Lucas – O que você ta querendo dizer com isso? Que Campinas é uma cidade, digamos, afetada?

Maguila – É isso mesmo. Mas não é nada pessoal. Não levem pelo outro lado.

Junior – Você ficou quase rico, mas bebeu todo o dinheiro. Como se virou nesse período?

Maguila – Eu trabalhei como repórter de campo. Cobri o time da Ponte Preta durante uns dois ou três anos. Não ganhava muito, mas me divertia à beça com a Conceição.

Bruno – Você comeu a Conceição?

Maguila – Sai fora. Isto sim seria programa de índio. Com todo respeito à torcida do Guarani, claro.

Bruno – Você torce para que time, afinal? Guarani ou Ponte Preta?

Maguila – Nenhum dos dois. Eu torço para o Pátria Futebol Clube, do meu amigo Romualdo Lagoa. Hoje o time deve estar na quinta divisão do futebol de várzea. Mas a esperança é a única que morre, nesse caso.

Bruno – Você chegou a trabalhar na imprensa escrita?

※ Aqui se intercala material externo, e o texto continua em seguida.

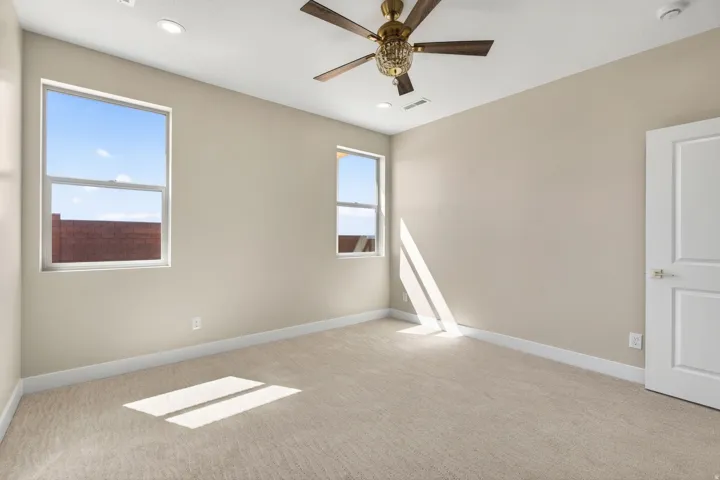 Carpeted room featuring two windows, recessed lighting, and a ceiling fan with an ornate light fixture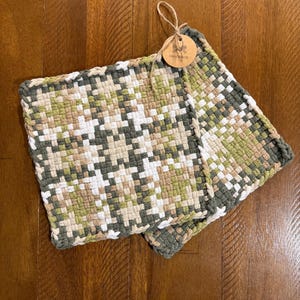 May include: Two square, woven potholders with a geometric pattern in shades of green, white, and beige. The potholders are handmade, as indicated by the attached tag. The potholders are on a wooden surface.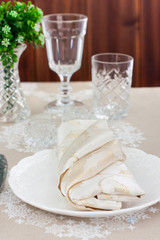Beautiful holiday table setting in white color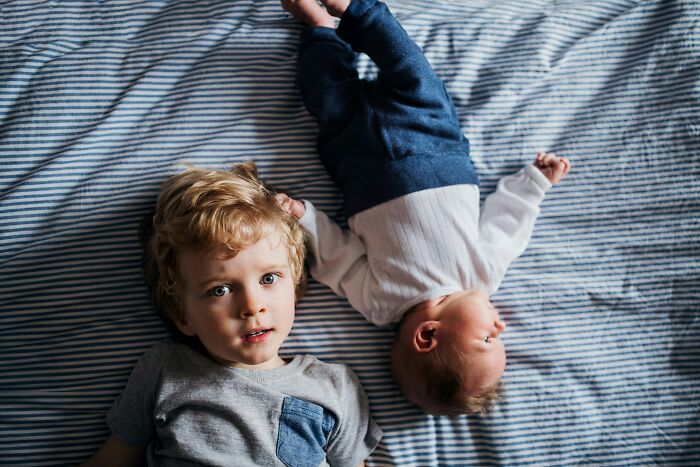 A toddler and a baby lying on a striped bed, representing innocence before realizing they are the problem.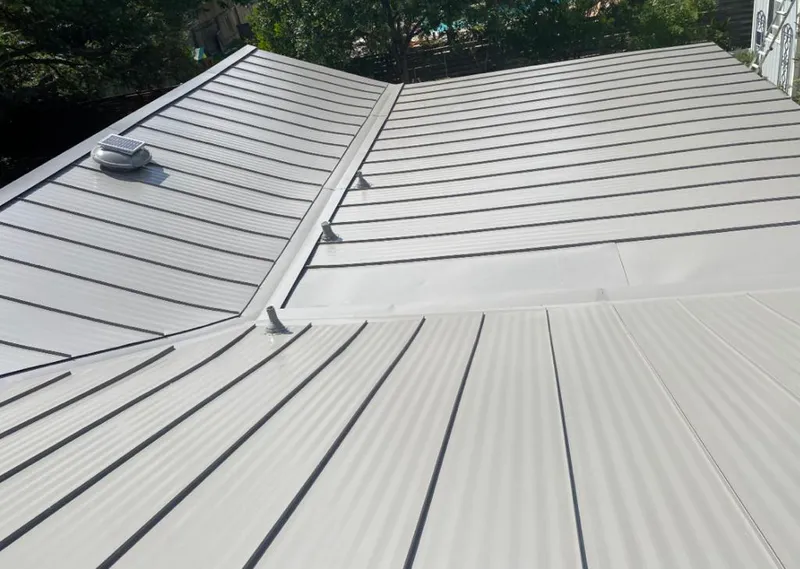 Solar attic fan installed on a metal roof for Roof Ventilation in Stratmoor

Maguila – Sim, fui repórter do Correio Popular e do Diário do Povo, na época em que eram concorrentes. Conheci os dois lados da moeda. Fiz a página policial e a página de política.

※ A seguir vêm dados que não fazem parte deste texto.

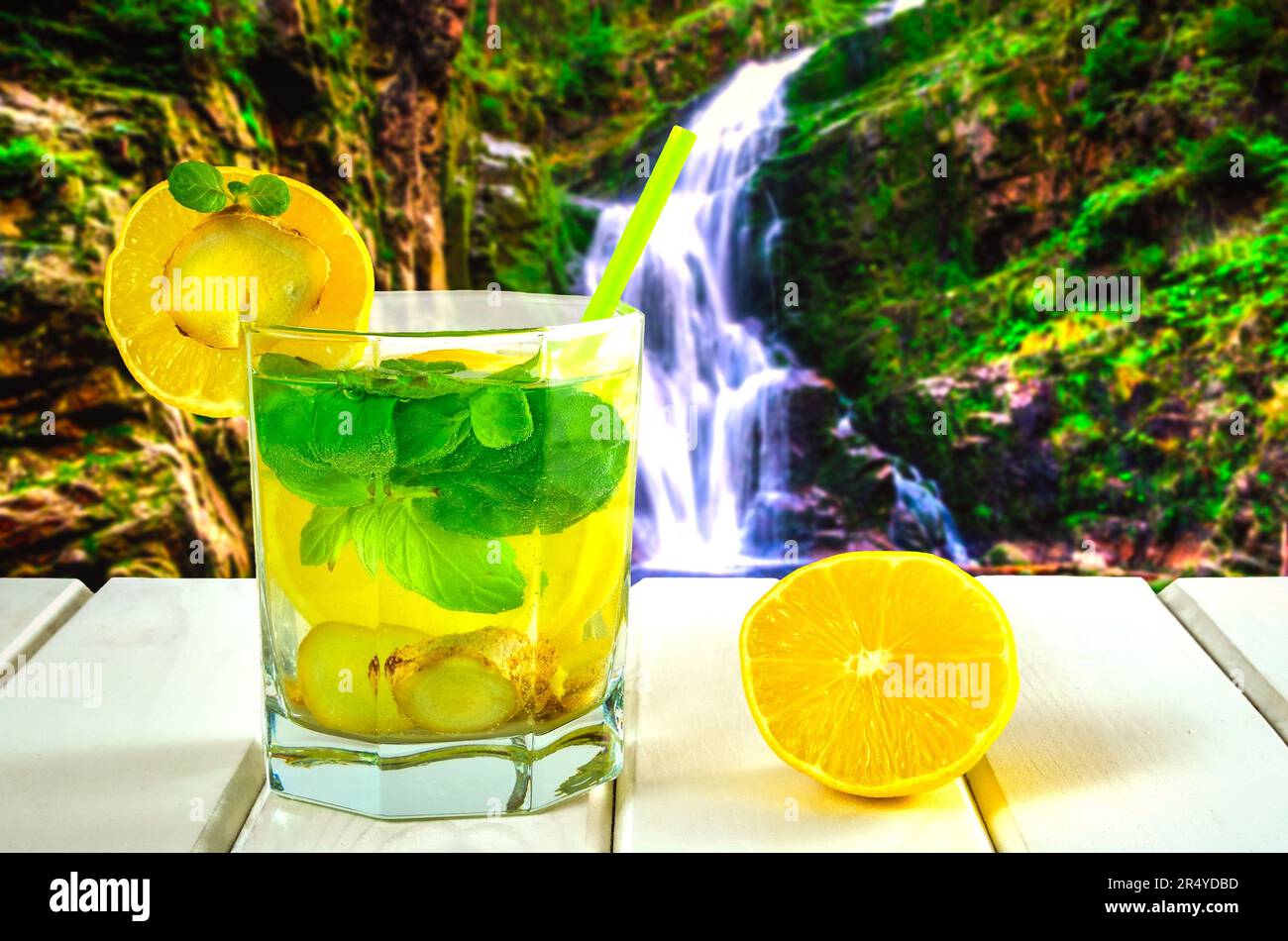 Drink in a glass on a white wooden table. Drink with lemon, ginger and mint with mountain waterfall in the background. Stock Photo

Lucas – Maguila, por quê você aceitou voltar para o Cumbuca?

Maguila – Não foi por amizade, até porque eu não vou com a cara de vocês. Eu estava precisando voltar a botar meu bloco na rua, xará. Em breve vou lançar um livro, preciso cooptar leitores, entendeu? Além disso, o cachê não é nada mal…

Bruno – Você pode revelar aos leitores qual o tamanho do teu salário ou tem medo de sequestro?

Maguila – Eu não tenho medo de nada, mas não sou macaco de sair por aí dizendo que é o dono da cocada preta. Eu não sou mercenário como o King Kong, que só trabalhava montado em muitas notas de dólar. A grana pesou na minha decisão, não vou dizer que não. Mas o mais importante é poder ter a liberdade de meter o pau nos outros. No sentido figurado, é claro.

Lucas – Diz pra gente se você já meteu a mão em cumbuca.

Maguila– Isso nunca. E olha que nem me considero velho.

Lucas – Onde você está morando atualmente?

Maguila– Não posso dizer. Passo por Campinas duas vezes por ano, para rever amigos. Mas aprendi com Safira Mind a arte da reclusão e da discrição. Um certo mistério ajuda a compor o mito.

Bruno – Você se acha foda, não é mesmo?

Maguila – Não tanto quanto vocês, mas me acho sim. Eu poderia estar trabalhando em circo. Sou um escritor.

Junior – O que você acha do governo Lula?

Maguila – Sério mesmo? Eu preferia o Macaco Tião.

Lucas – Um filme inesquecível?

Maguila – Apesar do ego do ator principal, King Kong. Sem dúvida é um clássico. Ele encarna o sonho de todo macaco: subir ao topo, em Nova Iorque…

Lucas – Mudando da água para o vinho: você ainda é dependente do álcool ou só bebe para escrever?

Maguila – Eu bebo para escrever e para dar entrevistas escrotas como esta.

Junior – E drogas? Você é a favor da legalização da maconha?

Maguila – Só depois que legalizarem o arroz e o feijão. Porque larica não é brincadeira, meu irmão.

Bruno – Para finalizar: deixe um recado para os leitores que tiveram saco de ler esta entrevista até o final.

Maguila – Meu recado é: não percam seu tempo lendo este site todo. E apaguem a luz ao sair da página.